See how quickly that
happened?
So, owing to last
week's little “wake-up call", I
thought it would be helpful to reaffirm several points about which I have been
writing during the past few months....a strategy for tackling bad (or any)
markets:
Any professional money
manager worth his/her salt should start the portfolio-building process with a
clear understanding of the account's objectives and tolerances for risk. Too often this one essential is missed, and
you wind up with square pegs trying to fit into round holes. Chasing gains for gain's sake without clearly
understanding the risk factors creates a portfolio full of one-off
transactions, disjointed from any particular philosophy or methodology. And, more importantly, this type of staccato
investing usually leads to the inverse of the outcome you expected. Remember, a good portfolio manager is in the
business of managing client's expectations
about their money as much as they
are managing the money, itself. An
aggressive account allocated too conservatively is just as futile as a
conservative account managed too aggressively.
It is also incumbent
upon all parties to recognize that time
is one of the most critical elements to
any investment program. Typically,
traders have less of it, and less patience for the whole process. These are not good clients for investment
advisors because without time no strategy can be successful, really. Unfortunately, we are in the internet age, in
which everything is supposed to have been done yesterday! That just simply
is not what the investment schematic should be about.
If, in fact, last
week's pullbacks were to represent a harbinger of more negative stock market
news...for whatever reasons might be ascribed....the supposed disaster most
likely would not happen immediately or swiftly.....although it might....and
probably would look more like a steady drift sideways or downwards. Fortunately, the most successful money
managers do not look to compare to specific portfolio benchmarks ("We were
at X value; now we are at X minus 4%.."), but rather maneuver as if they
were navigating a vessel, a route of getting from point A to point B. Most assuredly the progression is not a
linear (straight line) configuration, but wavy with ups and downs along the
way.
Thus,
prudent portfolio stewardship is a matter of consistency of methodology and process rather than consistency of the integer of
results.
Perspective
Overall, the economy
and the financial markets are doing better than a decade ago. The tone has been set by government,
business, and social institutions for a more accommodative climate of economic
revitalization. That doesn't mean that
the angle of ascent will be straight up.
So if last week put a jolt into you, I would observe that you may have
lost perspective about why you invest, how you invest, and with whom you invest.

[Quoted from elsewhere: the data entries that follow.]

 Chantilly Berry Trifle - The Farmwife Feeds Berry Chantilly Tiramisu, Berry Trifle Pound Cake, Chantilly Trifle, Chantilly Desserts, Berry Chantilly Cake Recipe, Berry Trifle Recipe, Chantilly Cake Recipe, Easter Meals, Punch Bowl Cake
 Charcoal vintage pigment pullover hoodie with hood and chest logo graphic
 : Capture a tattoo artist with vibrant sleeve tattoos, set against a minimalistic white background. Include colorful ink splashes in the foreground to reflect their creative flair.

These issues must always be addressed with your representative to your satisfaction.
Investing must be
thought of as a long term set of probabilities, and as a sequence of balances
and equilibriums, with shifts occurring constantly that require portfolio
fluidity and distribution.
Without a doubt we are
at a confluence where changes in interest rates, inflation, portfolio allocation,
politics, and consumer confidence are redefining the status quo of the building
process begun during the past half-decade.
To believe disingenuously in an inexorable push upwards of stock valuations,
and other investment prices, is a tenuous proposition. The key to keeping one's sanity during this
period of flux is to be aware of the forces which ebb and flow, prepare for the
inevitable crisis in confidence, and then methodically evaluate one's options
for going forward.
To capture alpha (positive
return) you must prepare for the long-term and stay true to your discipline.
It's not overly
complicated.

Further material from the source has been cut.